Prompt: Only the lines below from the one with "Product Parameters The" through the one with "I know I'm a" are to be written out, exactly and without any images.

Exercise materials:
---+---
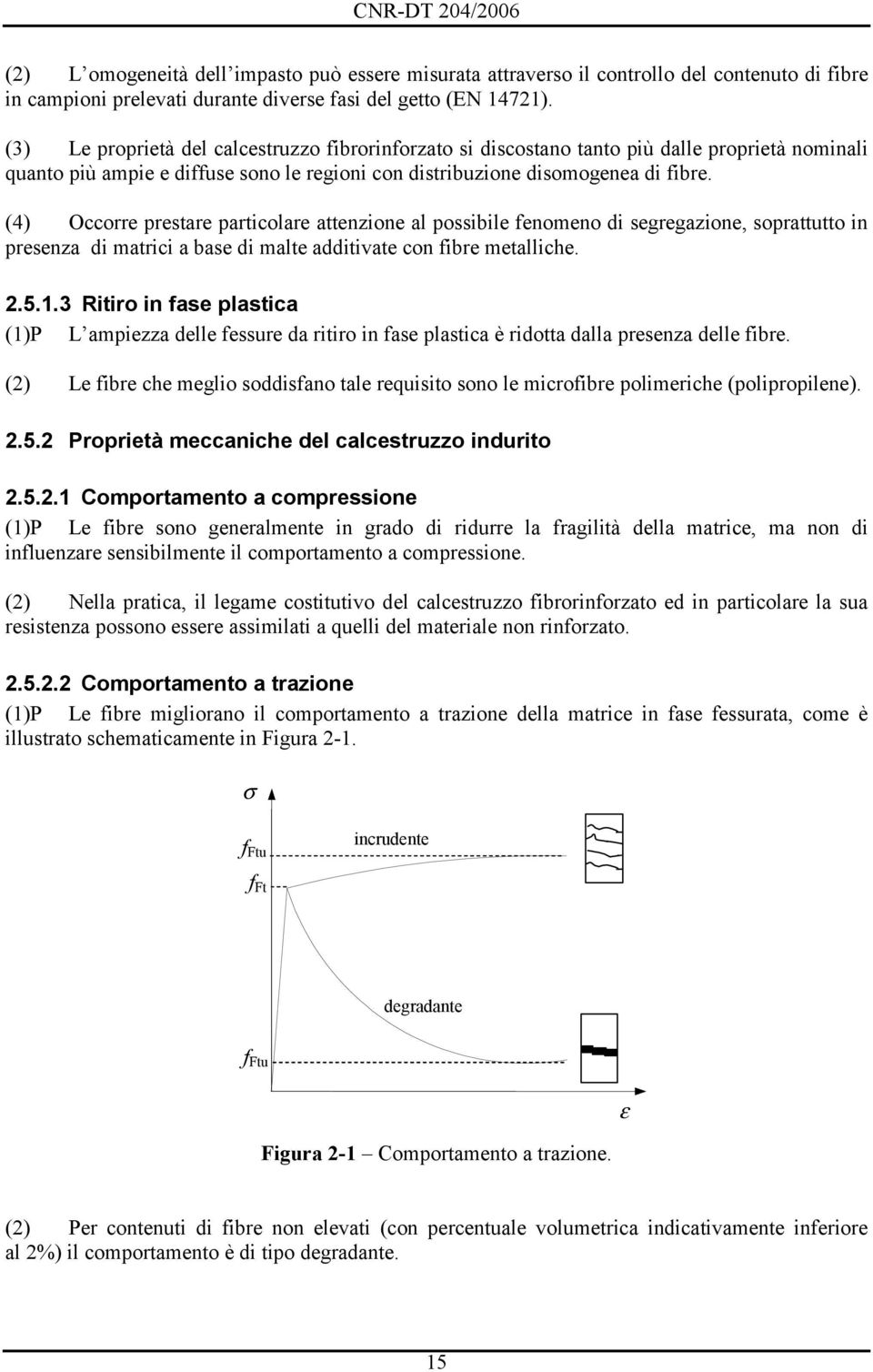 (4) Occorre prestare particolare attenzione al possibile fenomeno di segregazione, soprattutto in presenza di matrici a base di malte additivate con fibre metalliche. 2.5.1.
---+---
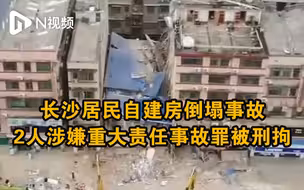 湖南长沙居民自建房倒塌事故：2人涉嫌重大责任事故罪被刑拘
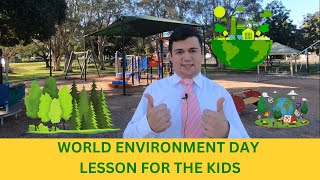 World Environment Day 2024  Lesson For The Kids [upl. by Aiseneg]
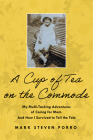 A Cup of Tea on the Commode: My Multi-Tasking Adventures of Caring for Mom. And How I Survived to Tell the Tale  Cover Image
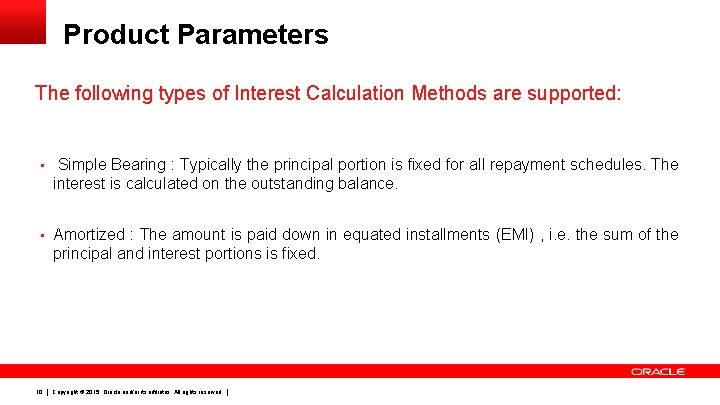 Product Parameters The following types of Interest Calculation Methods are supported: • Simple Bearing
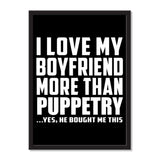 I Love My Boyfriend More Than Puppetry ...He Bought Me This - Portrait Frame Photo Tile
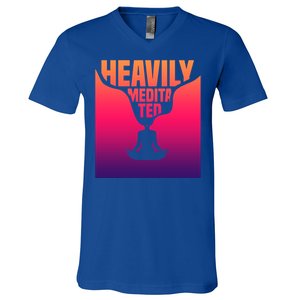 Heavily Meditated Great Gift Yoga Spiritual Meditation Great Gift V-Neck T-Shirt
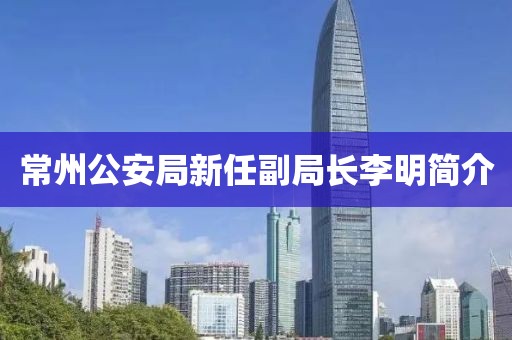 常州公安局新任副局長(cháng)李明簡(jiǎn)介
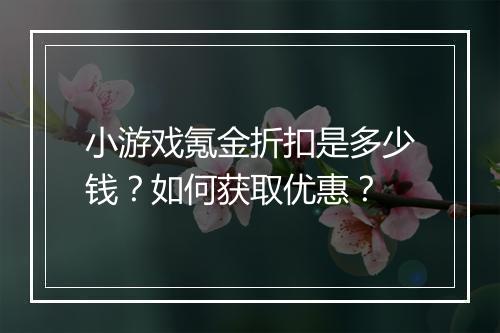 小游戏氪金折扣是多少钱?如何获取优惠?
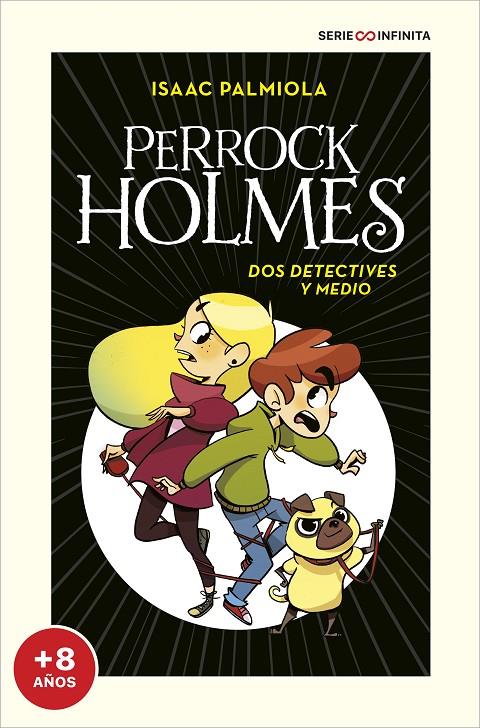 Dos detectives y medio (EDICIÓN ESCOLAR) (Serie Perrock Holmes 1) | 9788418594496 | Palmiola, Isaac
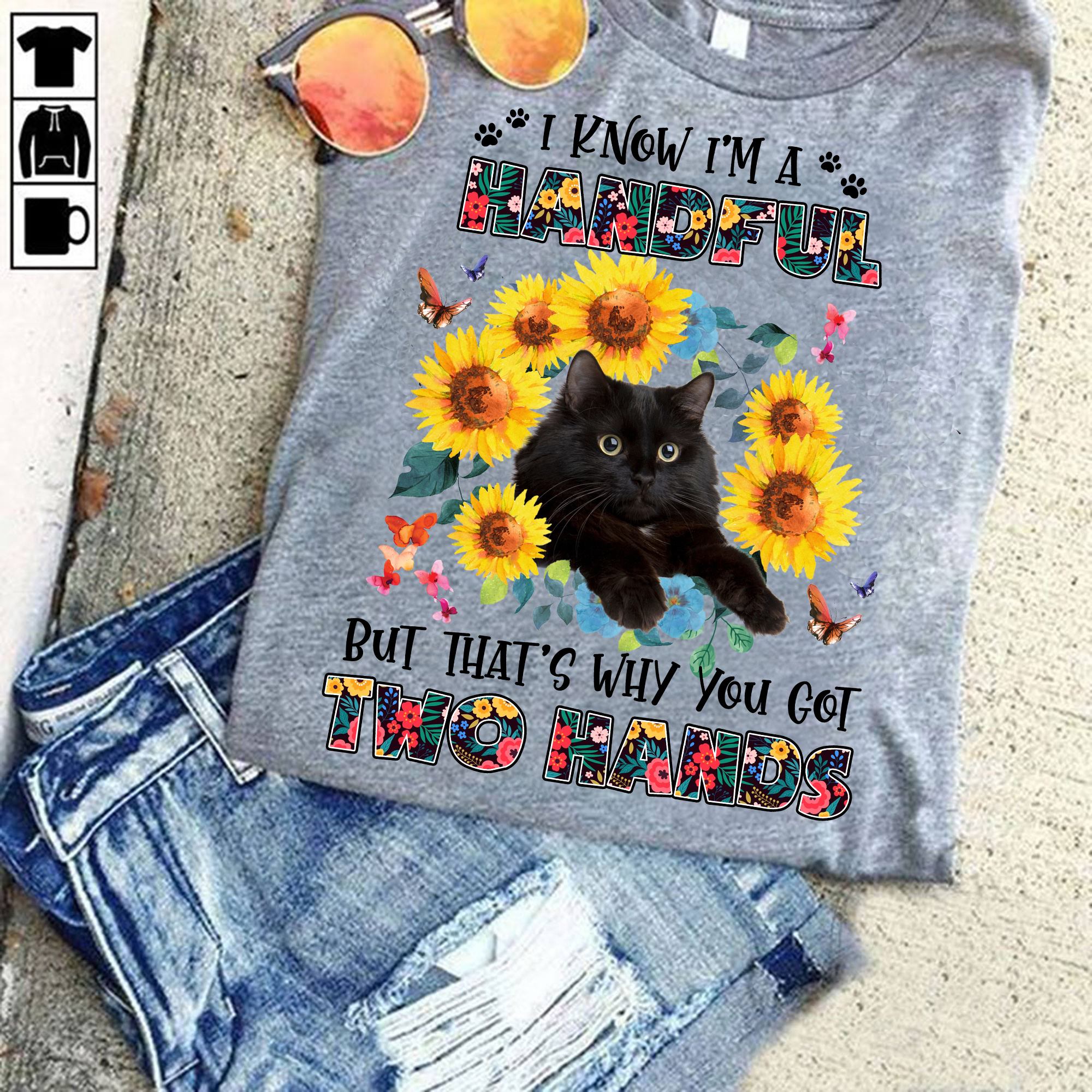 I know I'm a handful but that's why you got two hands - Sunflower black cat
---+---
Result of the exercise:
 Product Parameters The following types of Interest Calculation Methods are supported: • Simple Bearing
 I Love My Boyfriend More Than Puppetry ...He Bought Me This - Portrait Frame Photo Tile
 Heavily Meditated Great Gift Yoga Spiritual Meditation Great Gift V-Neck T-Shirt
 常州公安局新任副局長(cháng)李明簡(jiǎn)介
 小游戏氪金折扣是多少钱?如何获取优惠?
 Dos detectives y medio (EDICIÓN ESCOLAR) (Serie Perrock Holmes 1) | 9788418594496 | Palmiola, Isaac
 I know I'm a handful but that's why you got two hands - Sunflower black cat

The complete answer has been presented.